Chocolate Isn’t the Only Scary Thing Threatening Your Pet This Halloween
One Sweet-sneaking Dog’s Naughty Behavior May Have Actually Saved Her Life
Most dog owners know that chocolate is dangerous to pets. What they don’t expect, however, is for their dog to eat more than four pounds of the tempting treat. That was the situation when Randi Stats’ Labradoodle Charlotte ingested the majority of a 4.5-pound bag of Kirkland Signature Semi-Sweet Chocolate Chips. When Stats returned home from work, she found the empty bag and several areas where Charlotte had vomited with significant chocolate evidence.
“A couple of months before she ate the Costco-sized bag of chocolate chips out of the pantry, Charlotte had been losing a lot of weight,” said Randi Stats, Charlotte’s owner. Stats’ family lives in Bountiful, a suburb of Salt Lake City. “She was so hungry and ravenous, and we couldn’t figure out why. When I found the empty package on the floor, I wasn’t surprised because she had been scrounging for food, but I panicked because I know chocolate is very dangerous for dogs. We tried to take her to our local veterinarian, but her condition was too severe, so we rushed to the MedVet Salt Lake City emergency hospital. In the process of treating her for chocolate poisoning, they were able to determine that Charlotte had been suffering from exocrine pancreatic insufficiency (EPI).”

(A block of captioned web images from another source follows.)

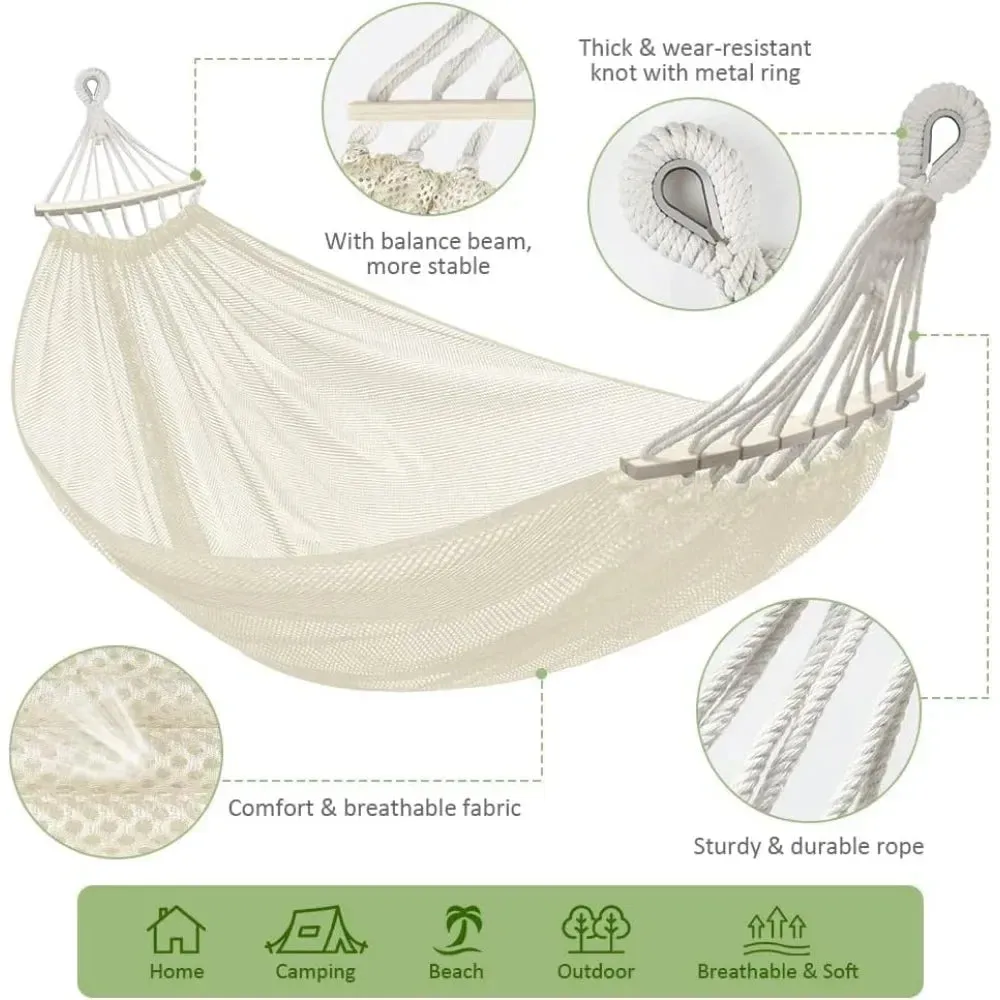 Hammocks，Camping trip, oversized, breathable, durable, quick drying, portable with accessories Hammocks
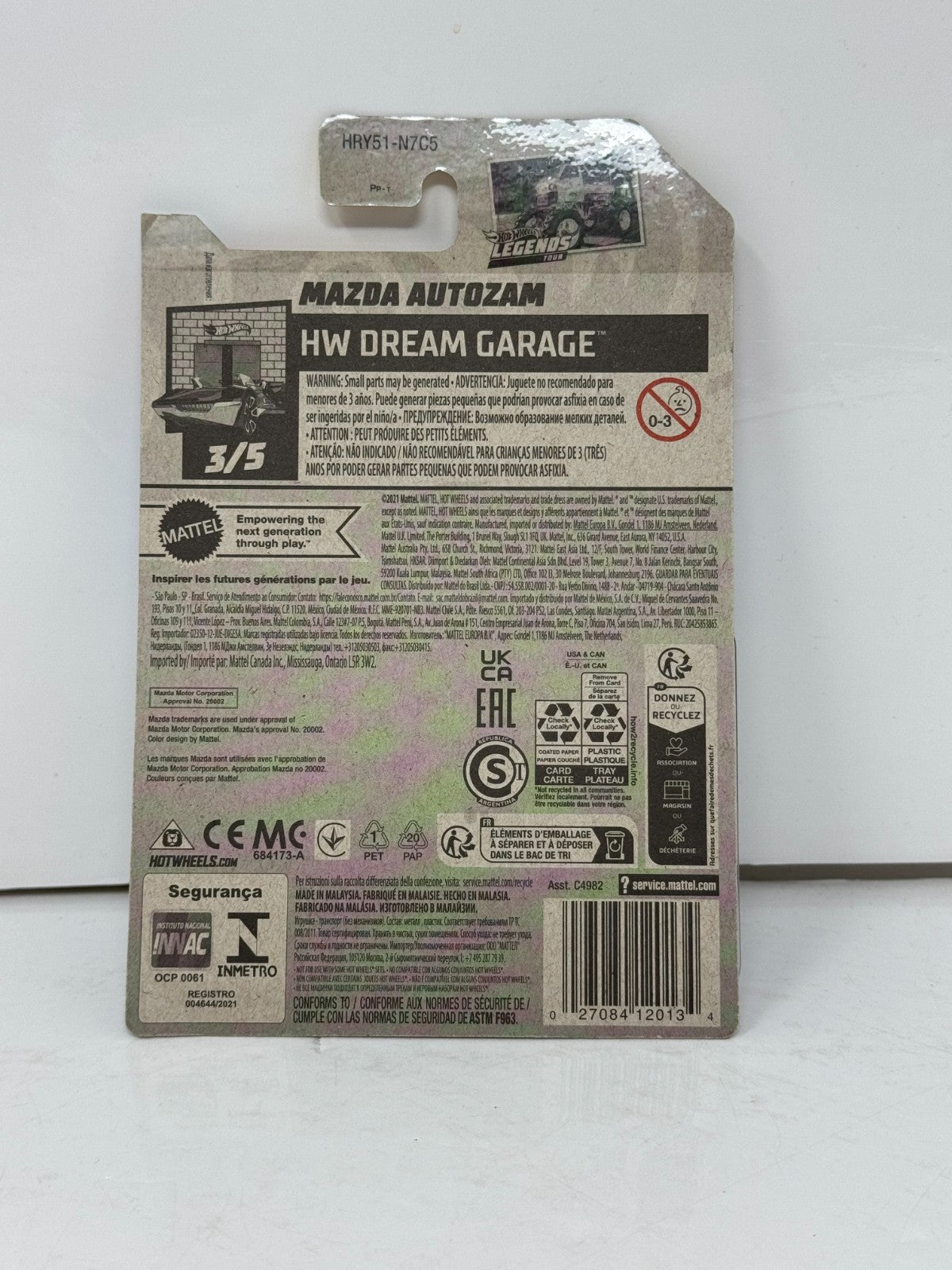 Hot Wheels Dream Garage Mazda Autozam 1:64 Diecast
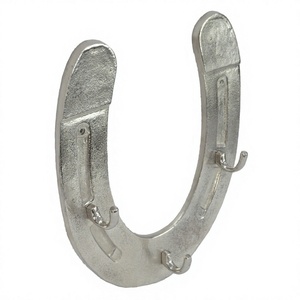 Horse <b>Shoe</b> Style Wall Hook Decorative Key/Towel <b>Holder</b> Customizable Hook Door Mount Metal Hooks Multifunctional Style - Product Image 1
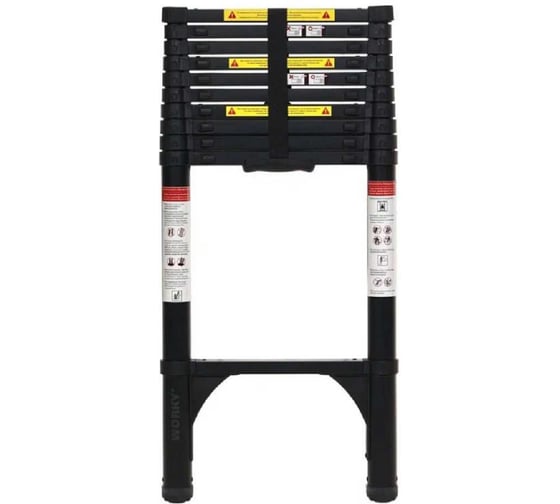 Лестница телескопическая WORKY стальная 5,9м, 15 ступеней ARD259948 1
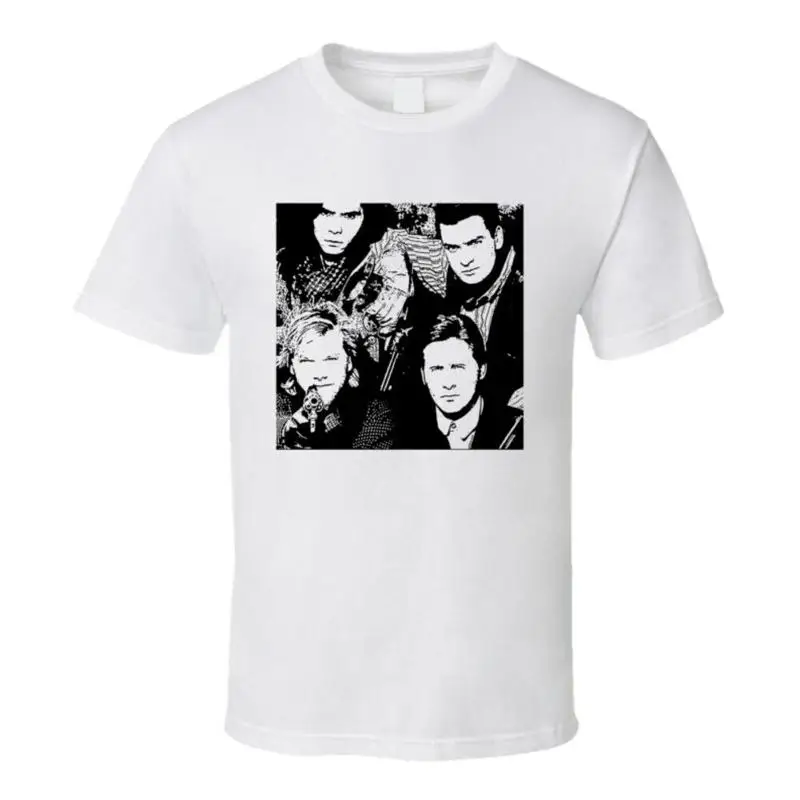 Camiseta de los Estrellas del Cine Western de Estevez, Sutherland, Diamond, Phillips y Sheen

EPI is a condition characterized by deficiency of exocrine pancreatic enzymes, resulting in the inability to digest food properly, or maldigestion. “Basically, she was starving to death, and we didn’t know it,” added Stats. “Eating the chocolate was actually a blessing in disguise because it probably saved her life. If they hadn’t diagnosed her EPI, we would have lost her to starvation.”
“This is an extremely toxic and potentially fatal dose of chocolate,” said Dr. Ahna Brutlag, a board-certified veterinary toxicologist at Pet Poison Helpline®. “The good news is that Charlotte’s owner called our toxicology experts before heading to the emergency veterinarian, so by the time that they arrived a treatment plan was already being developed.”
When Charlotte arrived, she had an increased heart rate and was trembling and weak. The veterinarian induced vomiting again. Because there was a concern for gastrointestinal, cardiac, and neurologic issues, the Pet Poison Helpline® team recommended that Charlotte stay overnight for observation. The hospital also administered activated charcoal to bind to any remaining chocolate in her system as well as intravenous fluids to offer hydration support.
“Treating Charlotte’s chocolate poisoning was much more complex than treating her EPI,” added Stats. “Remarkably, EPI is very simple to treat with over-the-counter supplements. She has since gained back all of her weight, and more!”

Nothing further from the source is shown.